----- Data for this exercise

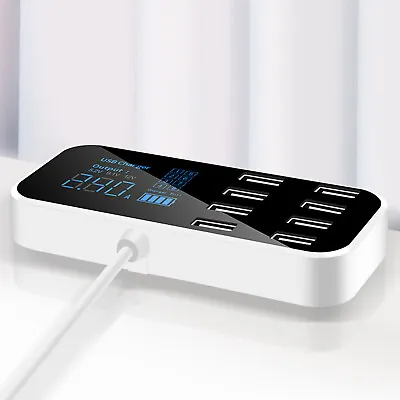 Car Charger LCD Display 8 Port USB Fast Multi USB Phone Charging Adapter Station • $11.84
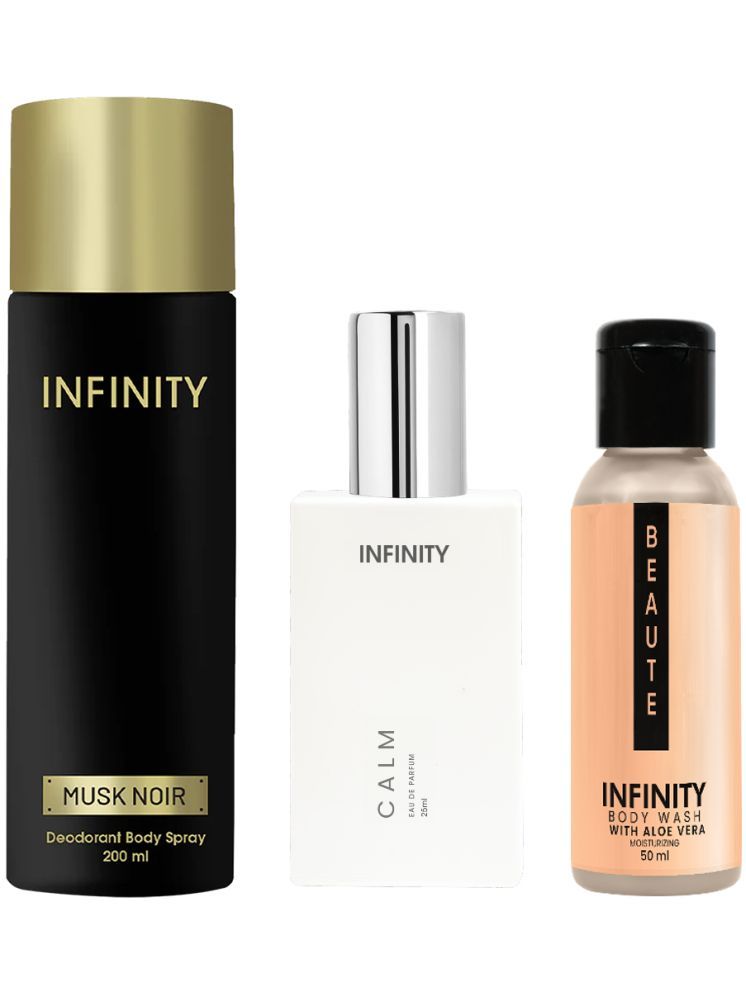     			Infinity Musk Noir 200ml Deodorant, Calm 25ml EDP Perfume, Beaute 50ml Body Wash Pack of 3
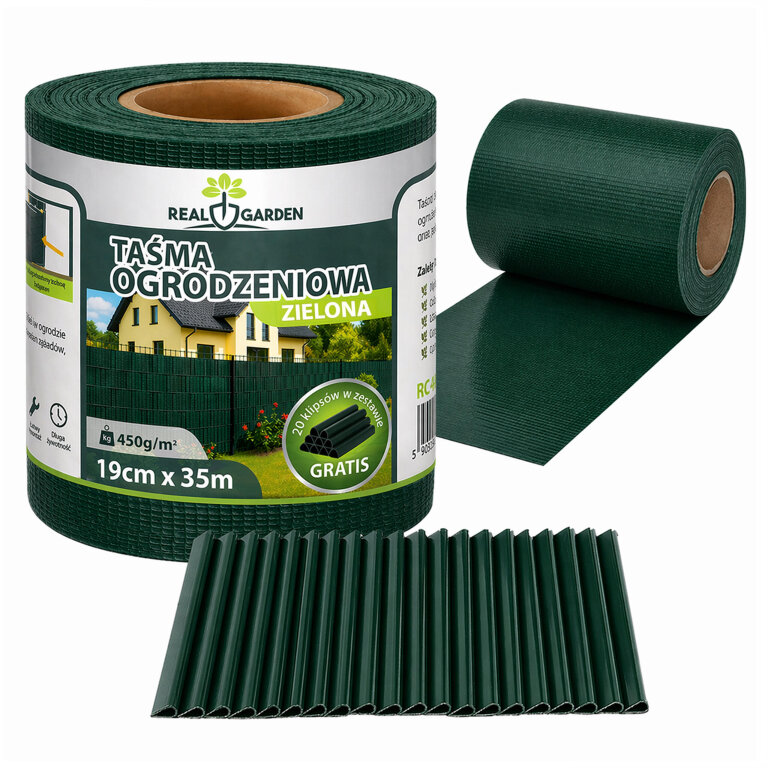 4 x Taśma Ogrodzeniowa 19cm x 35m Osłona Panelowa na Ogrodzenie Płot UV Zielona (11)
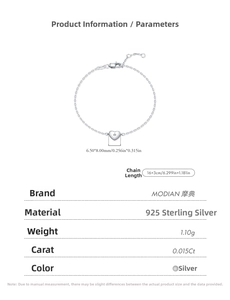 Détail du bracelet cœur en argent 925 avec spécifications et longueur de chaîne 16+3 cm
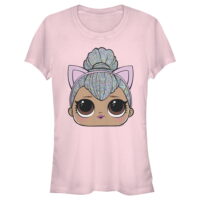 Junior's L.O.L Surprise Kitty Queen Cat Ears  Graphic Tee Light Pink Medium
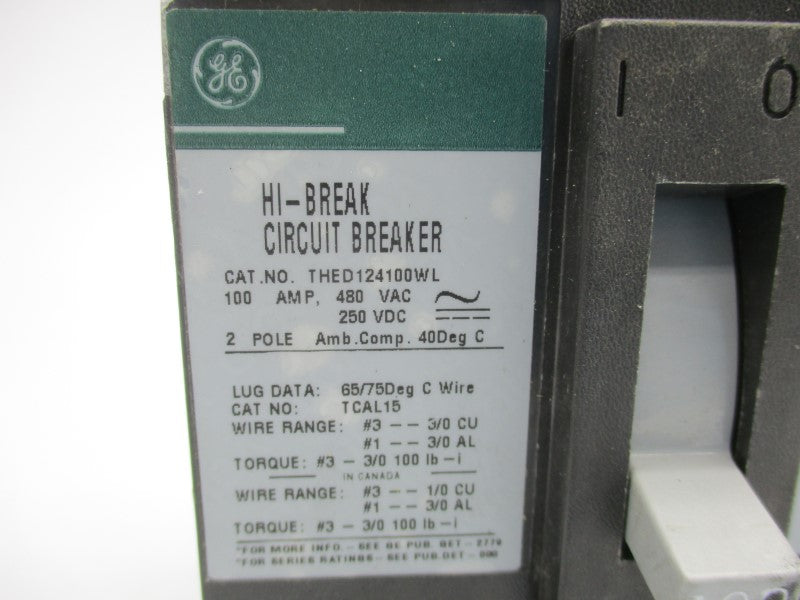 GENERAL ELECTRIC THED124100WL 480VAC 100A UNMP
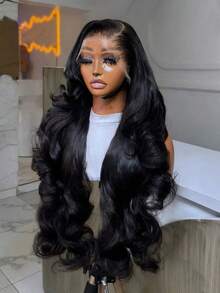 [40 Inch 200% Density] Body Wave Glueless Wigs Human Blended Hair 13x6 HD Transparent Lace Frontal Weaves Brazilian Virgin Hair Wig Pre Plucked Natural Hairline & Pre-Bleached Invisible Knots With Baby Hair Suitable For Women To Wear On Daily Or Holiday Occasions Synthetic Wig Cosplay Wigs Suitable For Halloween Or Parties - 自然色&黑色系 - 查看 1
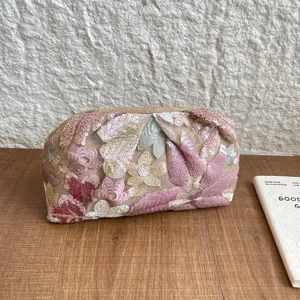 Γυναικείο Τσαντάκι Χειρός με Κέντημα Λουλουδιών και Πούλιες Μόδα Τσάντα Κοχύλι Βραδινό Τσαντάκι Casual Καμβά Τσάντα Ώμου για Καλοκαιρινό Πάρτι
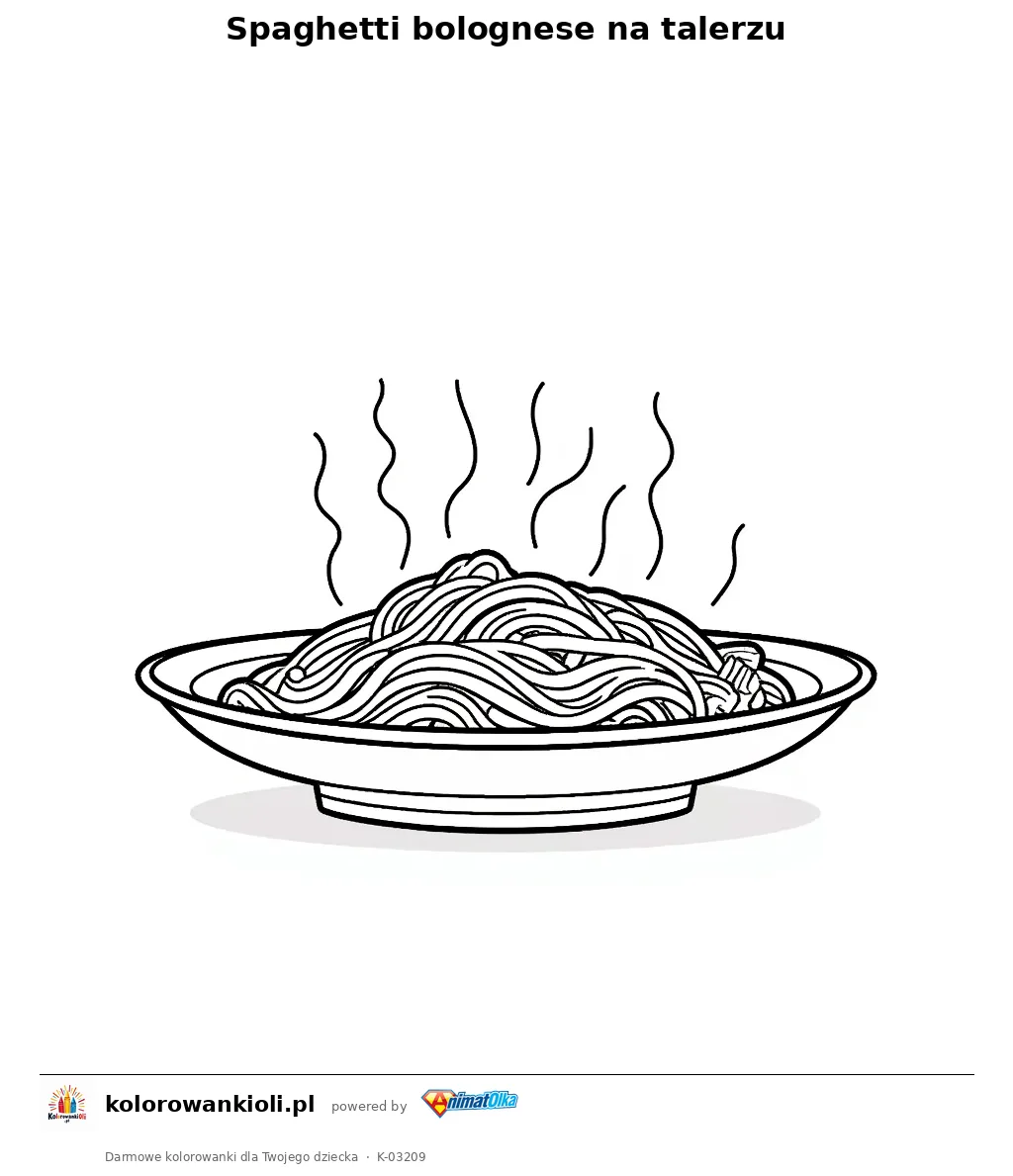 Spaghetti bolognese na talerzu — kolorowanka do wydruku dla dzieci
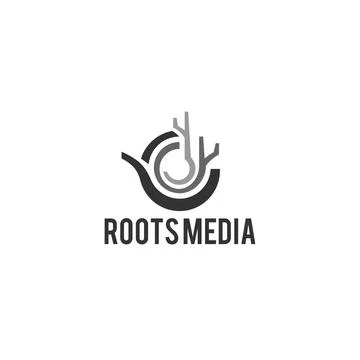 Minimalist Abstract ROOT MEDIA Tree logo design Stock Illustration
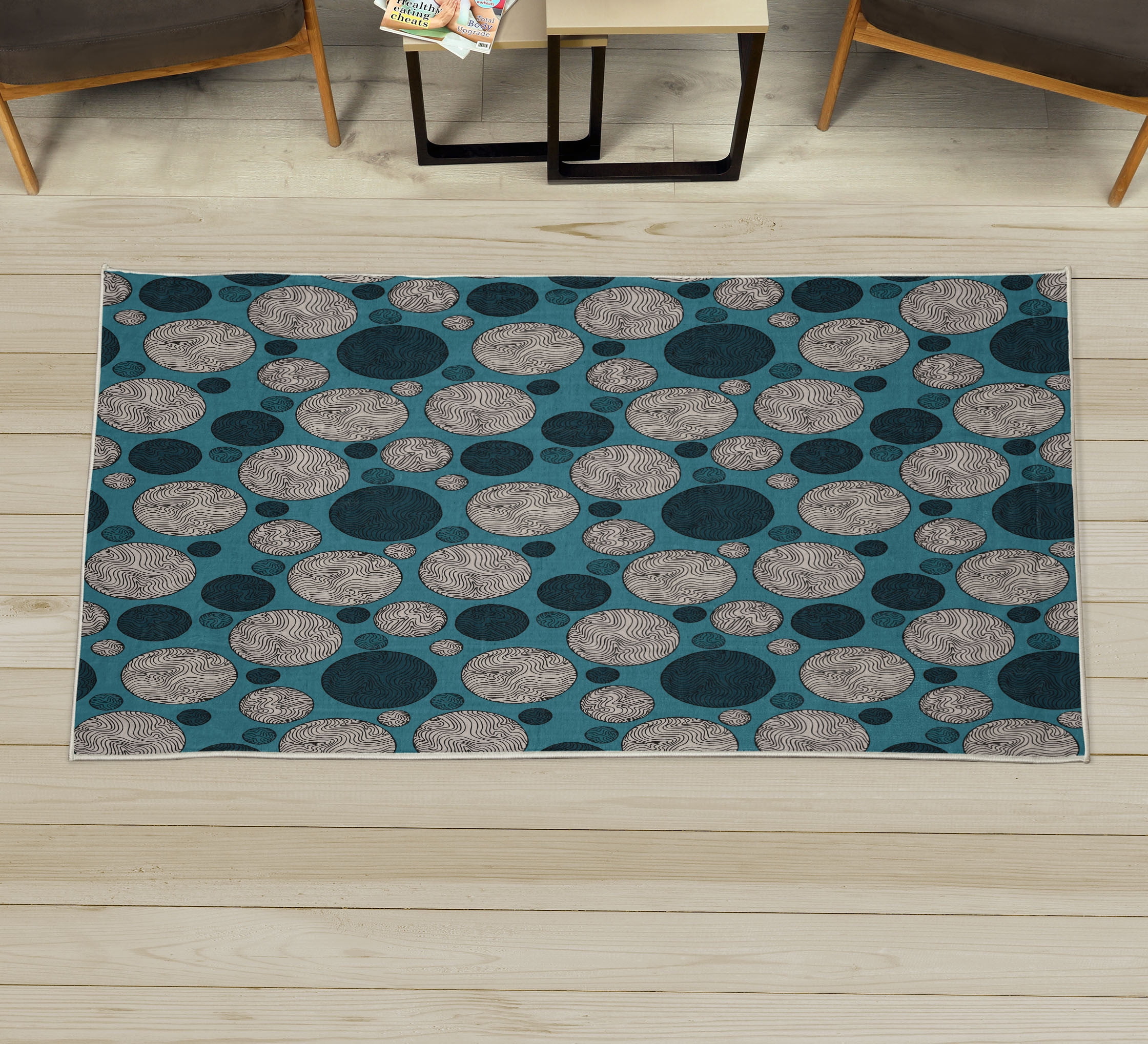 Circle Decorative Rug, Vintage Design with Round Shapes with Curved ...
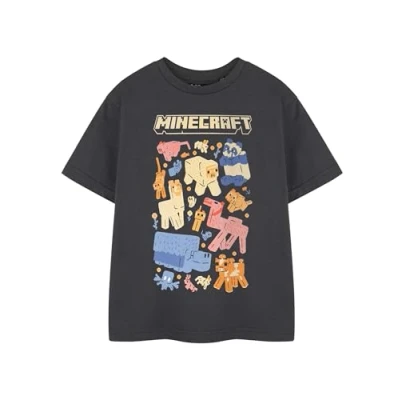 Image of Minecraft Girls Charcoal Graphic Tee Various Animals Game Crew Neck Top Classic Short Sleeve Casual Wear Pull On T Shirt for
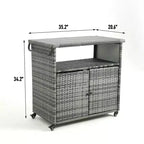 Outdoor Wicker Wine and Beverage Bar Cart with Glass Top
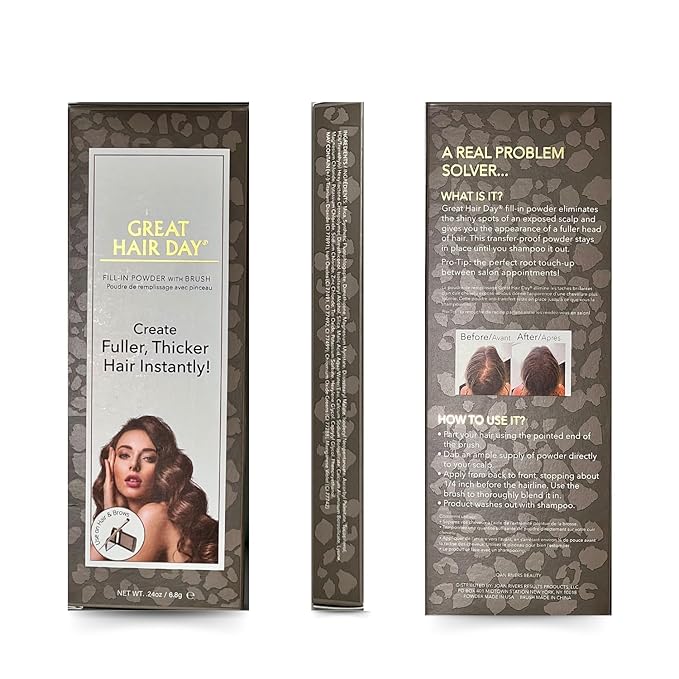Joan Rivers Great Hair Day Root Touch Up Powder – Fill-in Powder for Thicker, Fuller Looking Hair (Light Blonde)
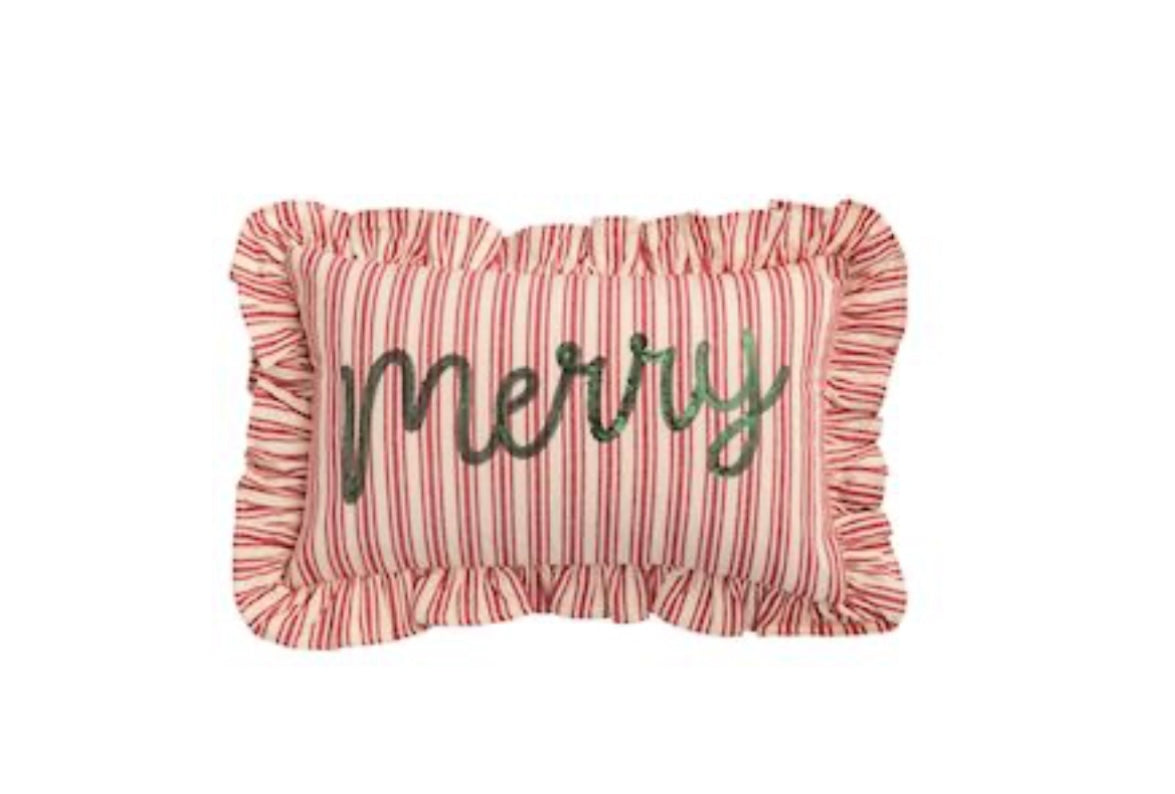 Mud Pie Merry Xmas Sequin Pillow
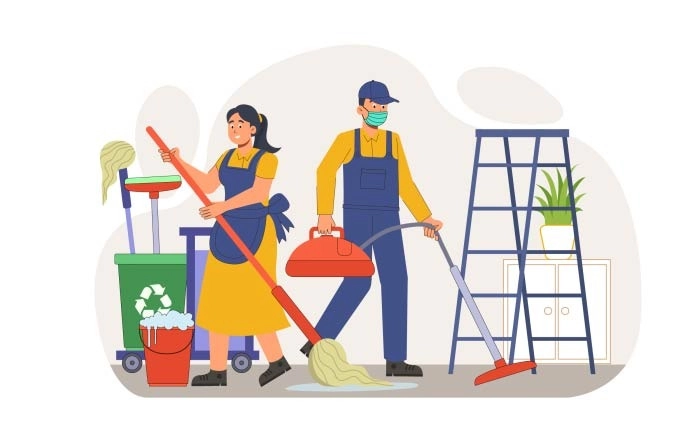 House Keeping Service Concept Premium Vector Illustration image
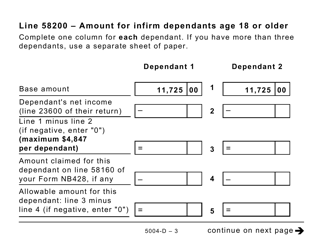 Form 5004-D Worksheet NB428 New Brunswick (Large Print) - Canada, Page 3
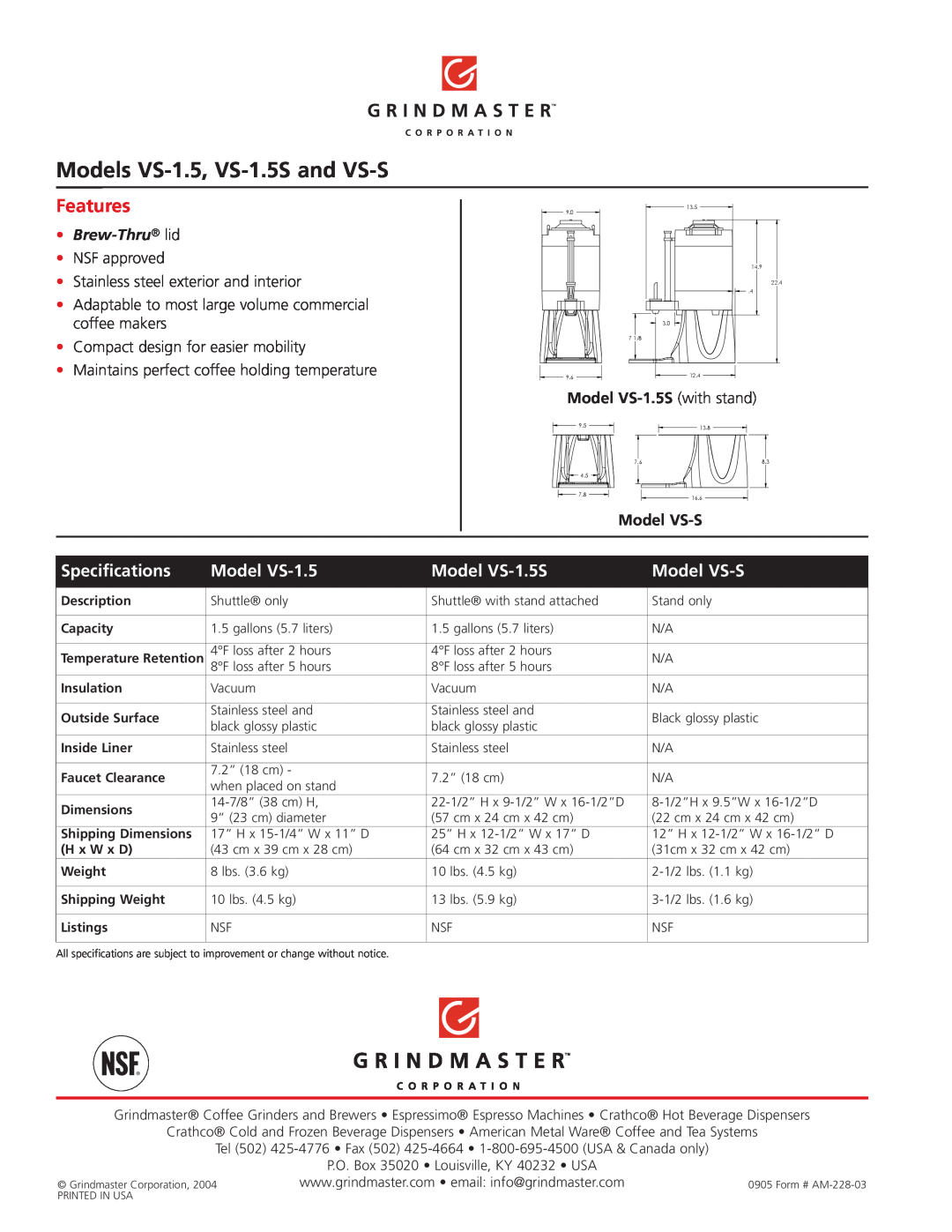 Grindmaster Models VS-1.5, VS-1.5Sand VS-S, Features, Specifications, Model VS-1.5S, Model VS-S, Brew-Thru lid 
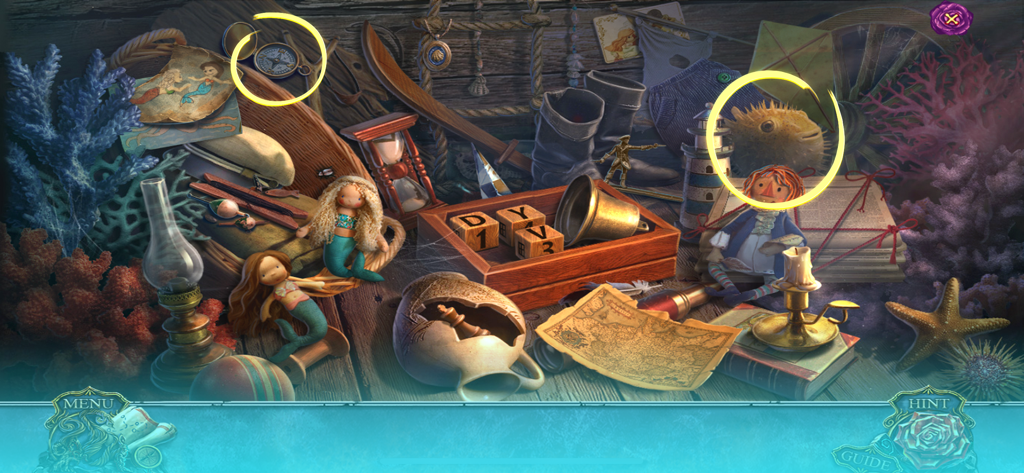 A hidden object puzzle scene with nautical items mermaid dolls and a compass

----------

**Exercise instructions**
Output only these lines, word for word: the line containing "GENERAL ELECTRIC THED124100WL" and every line after it through the last line of the data. Omit the pictures.

**Reply**
 GENERAL ELECTRIC THED124100WL 480VAC 100A UNMP
 [40 Inch 200% Density] Body Wave Glueless Wigs Human Blended Hair 13x6 HD Transparent Lace Frontal Weaves Brazilian Virgin Hair Wig Pre Plucked Natural Hairline & Pre-Bleached Invisible Knots With Baby Hair Suitable For Women To Wear On Daily Or Holiday Occasions Synthetic Wig Cosplay Wigs Suitable For Halloween Or Parties - 自然色&黑色系 - 查看 1
 Γυναικείο Τσαντάκι Χειρός με Κέντημα Λουλουδιών και Πούλιες Μόδα Τσάντα Κοχύλι Βραδινό Τσαντάκι Casual Καμβά Τσάντα Ώμου για Καλοκαιρινό Πάρτι
 Spaghetti bolognese na talerzu — kolorowanka do wydruku dla dzieci
 Minimalist Abstract ROOT MEDIA Tree logo design Stock Illustration
 Circle Decorative Rug, Vintage Design with Round Shapes with Curved ...
 Image of Minecraft Girls Charcoal Graphic Tee Various Animals Game Crew Neck Top Classic Short Sleeve Casual Wear Pull On T Shirt for
 Outdoor Wicker Wine and Beverage Bar Cart with Glass Top
Joan Rivers Great Hair Day Root Touch Up Powder – Fill-in Powder for Thicker, Fuller Looking Hair (Light Blonde)
 Mud Pie Merry Xmas Sequin Pillow
 House Keeping Service Concept Premium Vector Illustration image
 Form 5004-D Worksheet NB428 New Brunswick (Large Print) - Canada, Page 3
 Grindmaster Models VS-1.5, VS-1.5Sand VS-S, Features, Specifications, Model VS-1.5S, Model VS-S, Brew-Thru lid 
 A hidden object puzzle scene with nautical items mermaid dolls and a compass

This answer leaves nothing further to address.